Stadium naming rights are already big business here, even if sponsors can, so far, only gaze longingly at GAA citadels like Croke Park from afar.

And there's evidence they work to build brand recognition. Aviva really only became a household name here after striking a €4m-a-year naming deal for Lansdowne Road, which it has just extended to 2025.

According to new research by Duff & Phelps, the potential market rates for UK stadium naming rights grew to €152.7m in 2017, an increase of over 80pc on the 2013 market rates of €84m.

However, the market here is underdeveloped, Duff & Phelps said.

Interestingly, the study found that in North America, where naming-rights deals are very common, new sponsors can be reluctant to take on a ground that's previously had someone else's name on it.

In the UK, Manchester United's Old Trafford Stadium could command €29.5m a season to offer seasonal naming rights to its 75,643-seater stadium, more than any of its rivals, Duff & Phelps said.

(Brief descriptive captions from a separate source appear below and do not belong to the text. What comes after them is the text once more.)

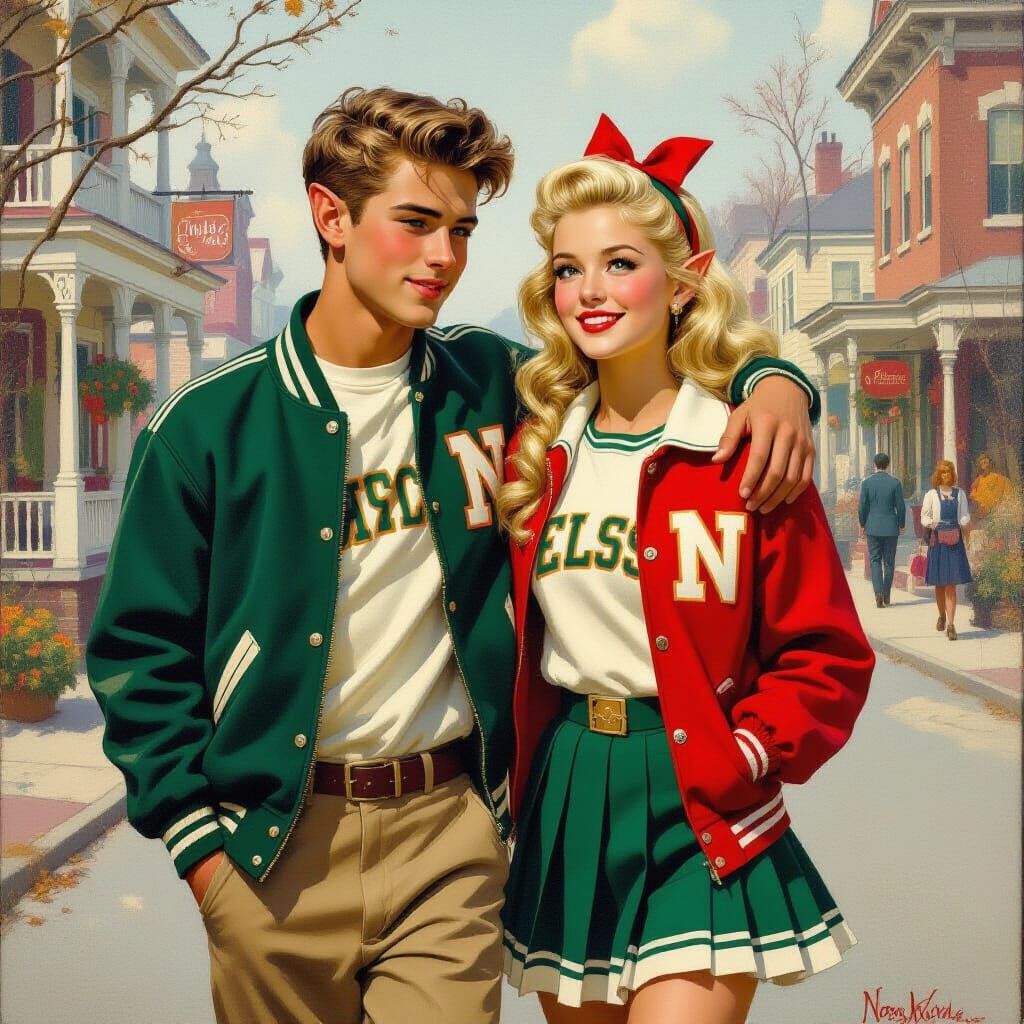 Nostalgic Oil Painting of Elf Teens on Small Town Street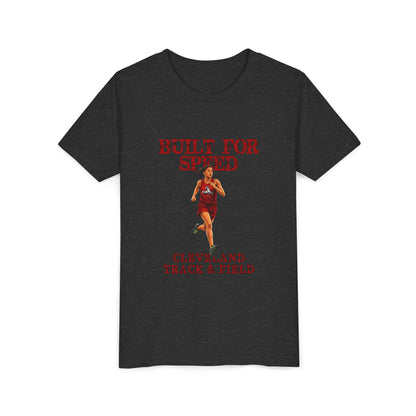 Youth Girls Tee 2 — "Built For Speed" Cleveland Track & Field Running Shirt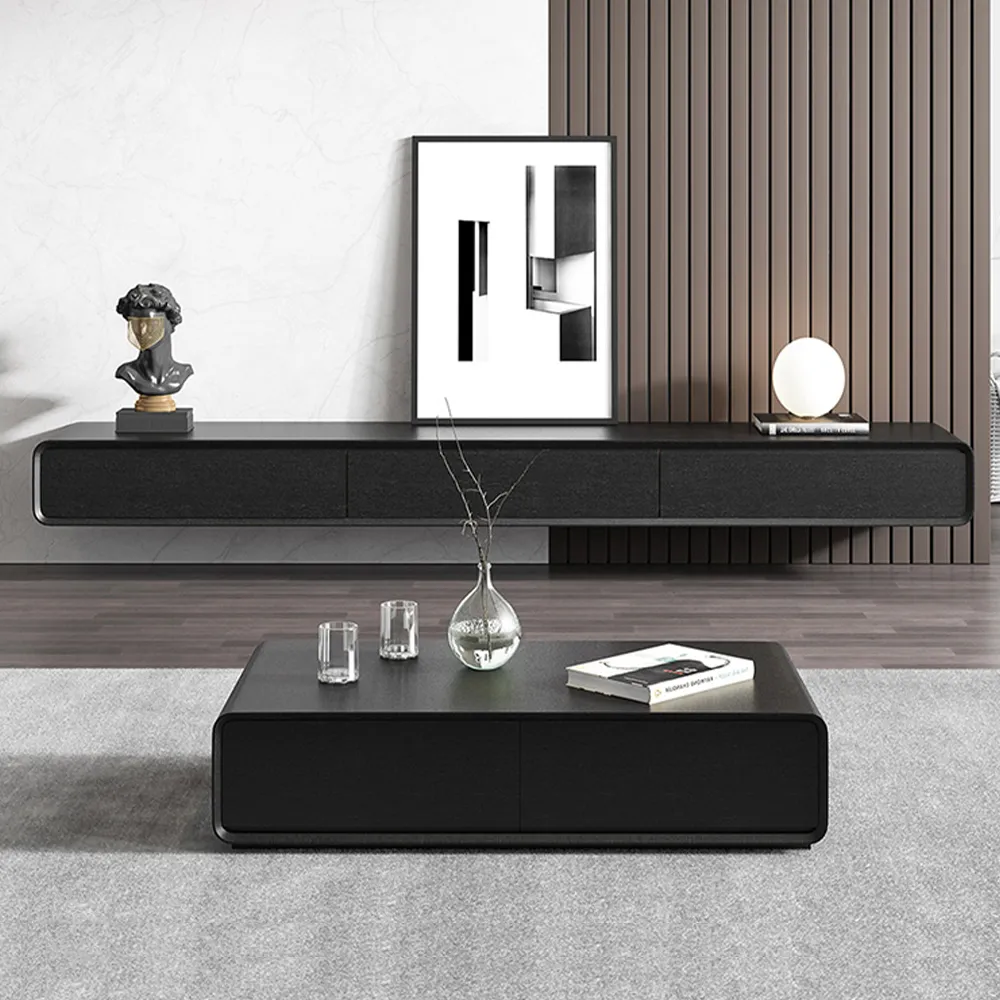 Floating black TV console with minimalist decor in modern luxury interior design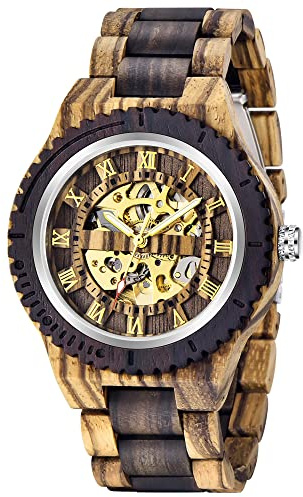 Tiong Mechanische Sportuhr aus Holz, hohles digitales Zifferblatt, Holzarmband mit leuchtenden Zeigern, mechanische Herrenuhr，Geschenke für Männer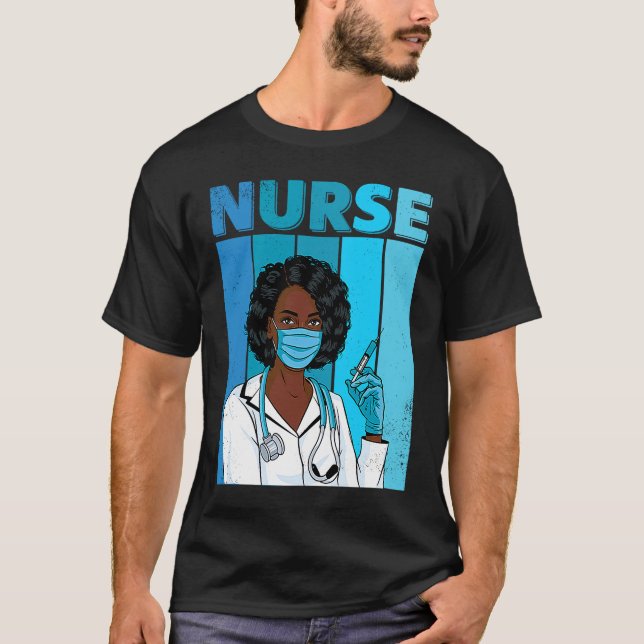 T-shirt Masque facial d'uniforme d'infirmière noire Afro A (Devant)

Manchester United's tally is potentially €7.9m more than that of neighbouring Manchester City, which it currently lags behind in the Premier League, the report found.

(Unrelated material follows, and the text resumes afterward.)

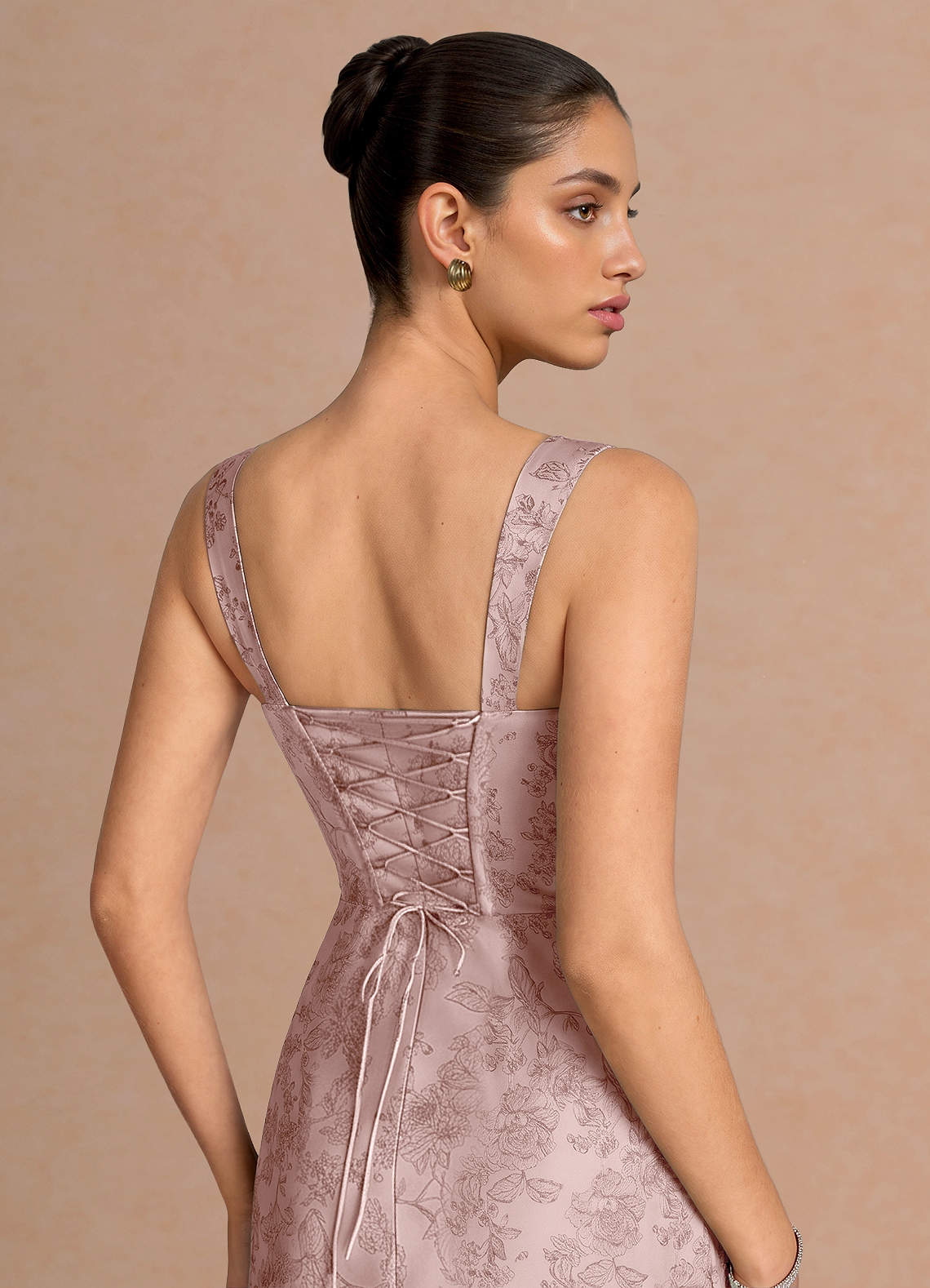 Agustina Square-Neck Pleated Jacquard Evening Dress in Pink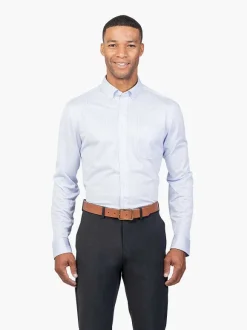 Men'S Ministry of Supply Blue Stripe Men'S Previous Generation Gemini Knit Shirt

That's partly because stadiums that have never sold naming rights before can charge a premium, at least the first time.

Niall Cribben, who is a director at valuation and corporate finance advisor firm Duff & Phelps Ireland, said there's also a big potential market here in Ireland.

"There is a huge opportunity for stadiums in Ireland to explore stronger commercial agreements with top brands," Mr Cribben said.

"This will be good for the brands, good for the stadiums and the teams that fill them and ultimately good for fans as stadium experiences will undoubtedly improve."

The data, however, shows that in the UK the really big money is skewed to a tiny number of the most elite clubs.

Out of the €152.7m potentially attributable to seasonal Premier League naming rights, almost 80pc of it would go to the top six English clubs that regularly play in European competitions, highlighting how much a club's performance is directly linked to its financial performance.

The big two Manchester clubs alone would generate over a third of the Premiership's potential market of €152.7m, while the top five London clubs could generate 40pc of the total, the study found.

While many clubs are slow to sell rights, sponsors are keen to buy.

"Sponsorship demand for the content rights of the top clubs in the Premier League shows no sign of abating," said Trevor Birch, former CEO of Chelsea FC and now managing director and head of UK and Ireland Sports at Duff & Phelps.

"Although the UK hasn't embraced stadium naming rights as enthusiastically as the US, its potential to become an important revenue stream is highlighted by these figures."

In England, Arsenal, Manchester City and Leicester City are among the 40pc of Premier League clubs that have granted stadium naming rights to their grounds in recent years.